Mrs. Pressley's Honors English
November 13, 2015
Author Visit November 20th!
On Friday, November 20th students will have the distinct pleasure of meeting with Mr. Alam, an accomplished author!
A Boy, His Bibi and a Bari
by S. R. Alam
It was December 1979 and my dad was sending me ‘home’, to become more cultured in the ways of Bangladeshi life. To me home was England... Being the eldest son, I had to grow up and needed this indoctrination in the ways of Bengali life and culture before I became too ‘westernised.’
A Boy, His Bibi and a Bari is the story of a 10 year old boy, sent by his parents from the UK to Bangladesh to live with his grandmother.

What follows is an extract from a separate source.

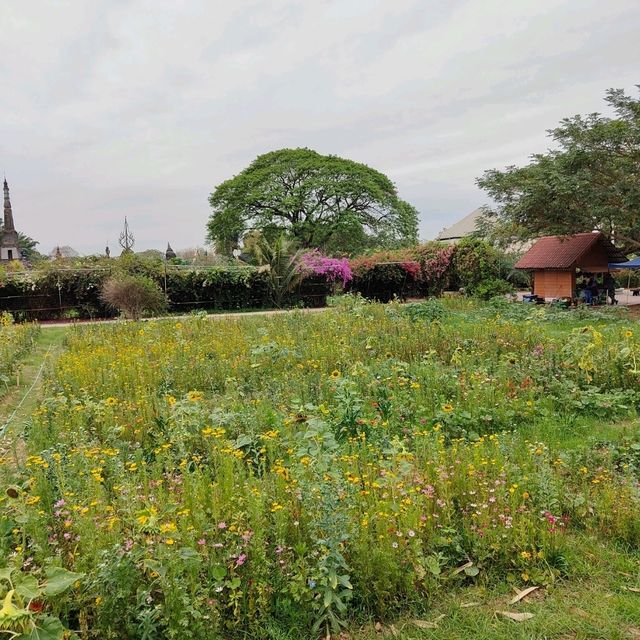 Immersing in Spirituality at Buddha Park, Vientiane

While there he was to become cultured in Bengali life, language and living to avoid become over-westernised.
The visit lasted for one year and was a rite of passage. S.R Alam experienced life without rules or parental control. He dropped out of school, became a barefoot adventurer, traded in the bazaars, fished in the monsoon floodwaters, witnessed a bull fight and ran wild with the monkeys.
A Boy, His Bibi and a Bari is a story about the clash of cultures faced by immigrants. S.R Alam’s memoir conveys the struggle to ensure a young boy does not lose his roots and identity.

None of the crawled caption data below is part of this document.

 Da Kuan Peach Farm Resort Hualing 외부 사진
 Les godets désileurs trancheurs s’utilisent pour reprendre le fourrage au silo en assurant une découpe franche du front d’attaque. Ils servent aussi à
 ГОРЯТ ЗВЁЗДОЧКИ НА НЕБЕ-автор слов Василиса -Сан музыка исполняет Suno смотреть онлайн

What we have been studying...
Monologue presentations were fantastic! Many students assumed the roles of their character with great pizzazz and convincing mood, tone, and enthusiasm.
Students spent the latter part of the week translating A Christmas Carol prose to drama. This allowed them to practice stage directions, visual and sound techniques, tone, and mood. Some students may need to finish this assignment over the weekend if they were not able to finish it in class.

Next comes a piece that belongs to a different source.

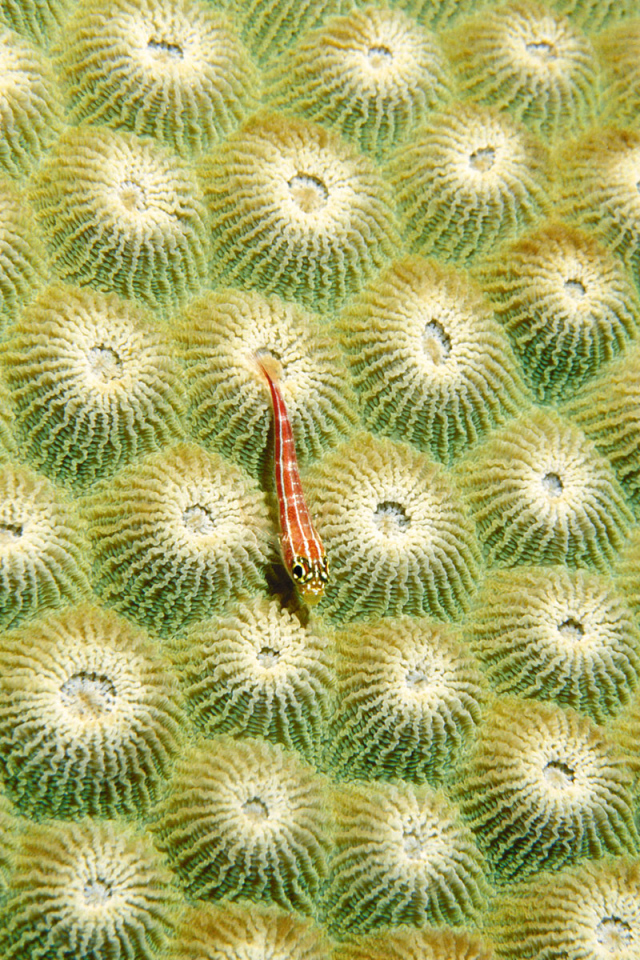 Маленький морской житель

Drama is intended to be performed.
Characterization is developed in drama through character speech and actions.
Stage directions are clues to understanding the meaning of the play and the playwright’s purpose.
What are the differences between prose and drama?
How do movement and staging create meaning?
How do playwrights communicate their ideas?
What creates a character shift, and how does the audience recognize it?
Monday through Wednesday, students will be reading A Christmas Carol in drama form. We'll look at symbolism, theme, and how drama, prose, and film are similar and different. Thursday they'll be taking A Christmas Carol Assessment on the play.
Keep Reading: Students should be reading two hours a week; one in school and one at home. Journals don't have to come home daily, but I encourage you to look through your child's journal at least once a week to see how they are doing.